*** Opening of RAW DATA ***

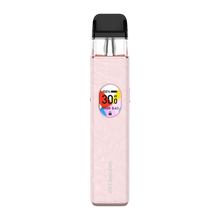 Load image into Gallery viewer, Vaporesso - Xros 5 Pod Kit
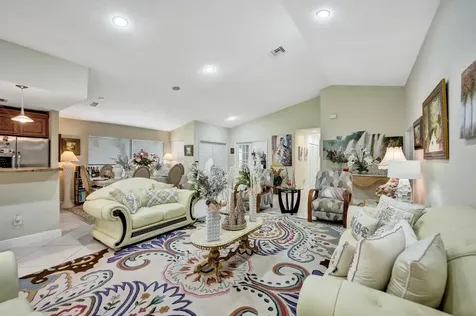 11111 Highland Circle Boca Raton FL 33428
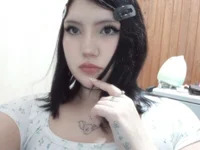 Juliigm avatar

*** Close of RAW DATA ***

> [WHAT THIS TASK INVOLVES] Your task is to restate word for word the lines from the line holding "11111 Highland Circle Boca Raton FL 33428" through the final line of the listing, both included, but none of the pictures.

> [RESPONSE TO THE EXERCISE]
 11111 Highland Circle Boca Raton FL 33428
 Juliigm avatar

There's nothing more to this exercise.